When he called his disciples, Jesus invited them to followhim, to march behindhim. Later on, He invited them to come a little nearer, to come alongside, to take the same yoke – to go in the same direction. Finally, on the evening before he was killed, believing his disciples were ready to hear something still greater, Jesus began to speak to them of a bond of unsurpassable depth - not behind, or alongside, but spiritually in Him, part of Him. No longer servants, but deep friends.

With this image of the vine, Jesus is describing a level of mutual spiritual connection that is exceptional, absolutely unique. We in him; he in us; what is this saying? No other rabbi before him had ever said such a thing!
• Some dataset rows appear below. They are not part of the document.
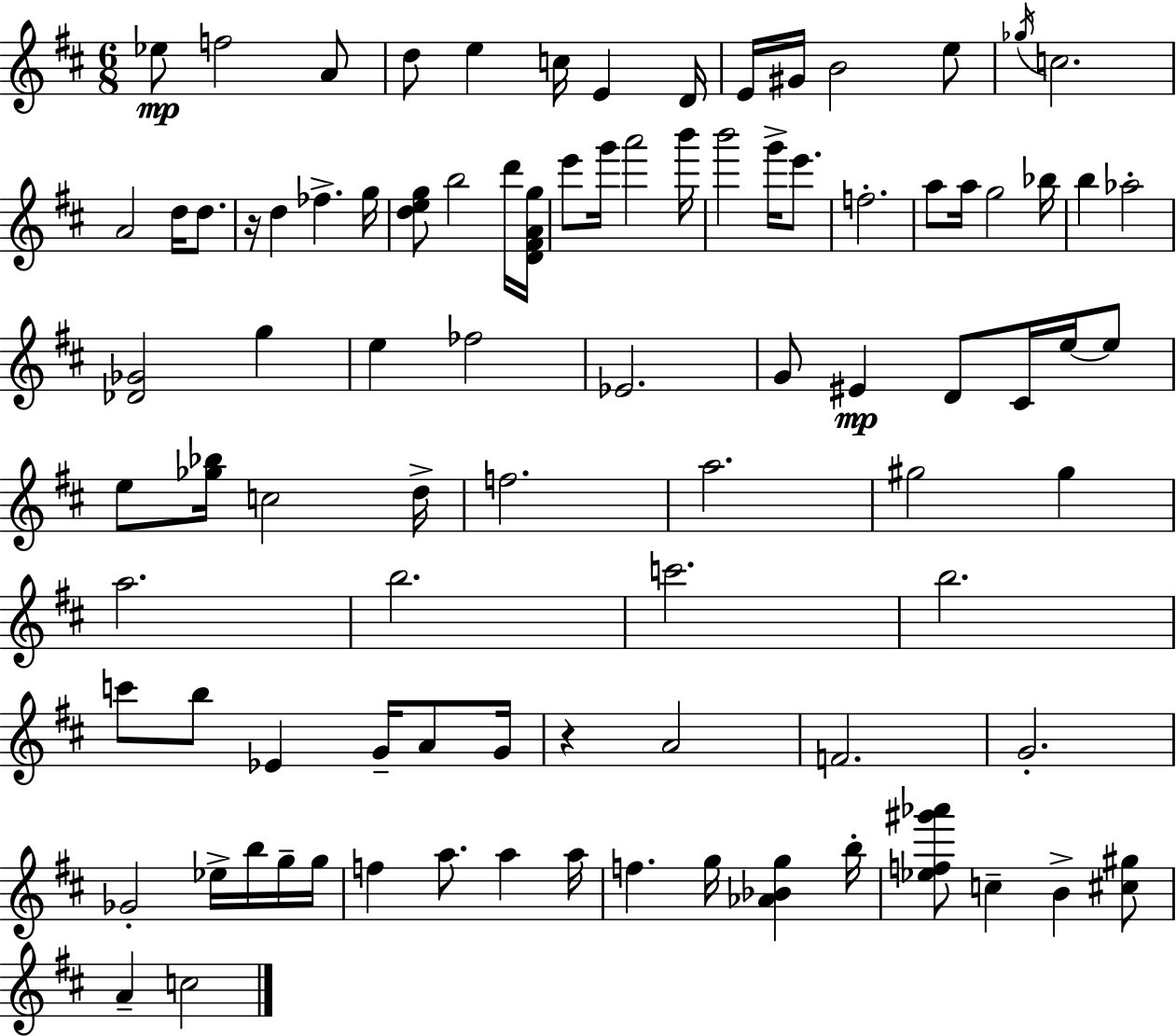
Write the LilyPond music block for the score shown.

{
  \clef treble
  \numericTimeSignature
  \time 6/8
  \key d \major
  ees''8\mp f''2 a'8 | d''8 e''4 c''16 e'4 d'16 | e'16 gis'16 b'2 e''8 | \acciaccatura { ges''16 } c''2. | \break a'2 d''16 d''8. | r16 d''4 fes''4.-> | g''16 <d'' e'' g''>8 b''2 d'''16 | <d' fis' a' g''>16 e'''8 g'''16 a'''2 | \break b'''16 b'''2 g'''16-> e'''8. | f''2.-. | a''8 a''16 g''2 | bes''16 b''4 aes''2-. | \break <des' ges'>2 g''4 | e''4 fes''2 | ees'2. | g'8 eis'4\mp d'8 cis'16 e''16~~ e''8 | \break e''8 <ges'' bes''>16 c''2 | d''16-> f''2. | a''2. | gis''2 gis''4 | \break a''2. | b''2. | c'''2. | b''2. | \break c'''8 b''8 ees'4 g'16-- a'8 | g'16 r4 a'2 | f'2. | g'2.-. | \break ges'2-. ees''16-> b''16 g''16-- | g''16 f''4 a''8. a''4 | a''16 f''4. g''16 <aes' bes' g''>4 | b''16-. <ees'' f'' gis''' aes'''>8 c''4-- b'4-> <cis'' gis''>8 | \break a'4-- c''2 | \bar "|."
} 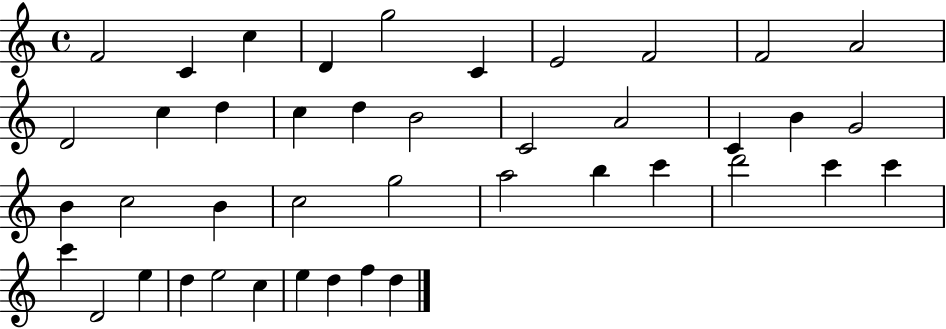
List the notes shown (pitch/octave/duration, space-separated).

F4/h C4/q C5/q D4/q G5/h C4/q E4/h F4/h F4/h A4/h D4/h C5/q D5/q C5/q D5/q B4/h C4/h A4/h C4/q B4/q G4/h B4/q C5/h B4/q C5/h G5/h A5/h B5/q C6/q D6/h C6/q C6/q C6/q D4/h E5/q D5/q E5/h C5/q E5/q D5/q F5/q D5/q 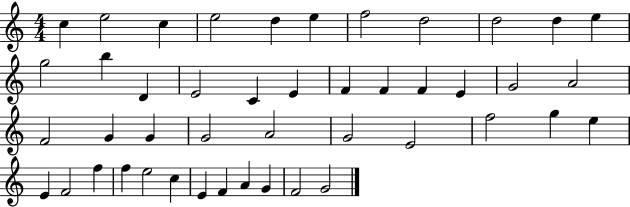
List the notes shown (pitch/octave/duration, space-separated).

C5/q E5/h C5/q E5/h D5/q E5/q F5/h D5/h D5/h D5/q E5/q G5/h B5/q D4/q E4/h C4/q E4/q F4/q F4/q F4/q E4/q G4/h A4/h F4/h G4/q G4/q G4/h A4/h G4/h E4/h F5/h G5/q E5/q E4/q F4/h F5/q F5/q E5/h C5/q E4/q F4/q A4/q G4/q F4/h G4/h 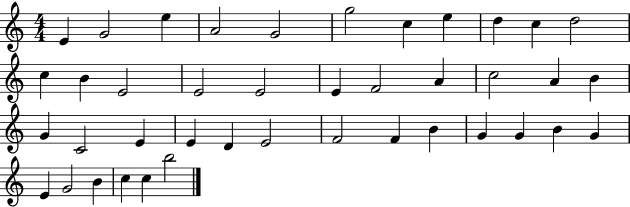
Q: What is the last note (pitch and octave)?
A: B5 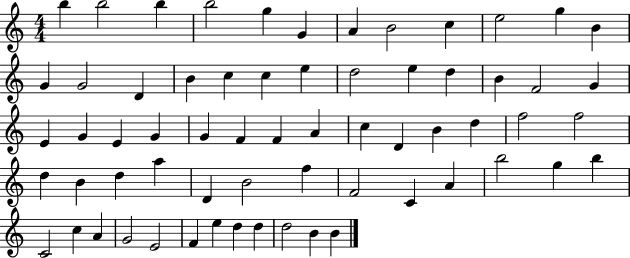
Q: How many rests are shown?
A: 0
Several times He states in that passage, “I have loved you”. He says that in the connection between the disciples and God, through Jesus, they are provided with all they need. All the love they need to love others. Just like the vine with the life sap flowing out into the branches and leaves, love appears here like a vast one-directional current proceeding from the love of the father, passing through the Son and spreading to the disciples. For sure, there is the place of reciprocity – our love for God - but Jesus is emphasising here that the origin, the source of love is from God, we are not the origin – we are loved before we love. He is asking us to allow ourselves to be loved by Christ – to keep opening ourselves to the life source.

Happy is the person who knows they are loved unceasingly, day and night, infinitely! Happy is the one who knows that the love of Christ is fully sufficient for life, and who lives by this!

We are God’s beloved sons and daughters, not because we have proven ourselves worthy of God’s love, but because God freely chose us. Our belovedness is eternal. God says to us, “I love you with an everlasting love.” This love was there before our fathers and mothers loved us, and it will be there long after our friends have cared for us. It is a divine love, an everlasting love, an eternal love. Unconditional, unlimited, everlasting.

Now, we can become servants overnight via contract. We can even become followers semi-easily. But we do not become deep friends overnight! It needs time and effort, lengthy companionship and intentionality - making time and space, planning even. Will we choose to go deeper in loving friendship with God, identifying more deeply with our true status as sons and daughters of God? Prayer is at the heart of it. Prayer is drinking from the Well.

“True prayer is nothing but love” – St Augustine

“Prayer is the inner bath of love into which the soul plunges itself” – St John Vianney

“All of us must cling to God through prayer. My secret is simple: I pray. Through prayer I become one in love with Christ.” – St Teresa, Calcutta

Let’s spend a few minutes receiving the words – “you are my beloved child, you bring me great joy.”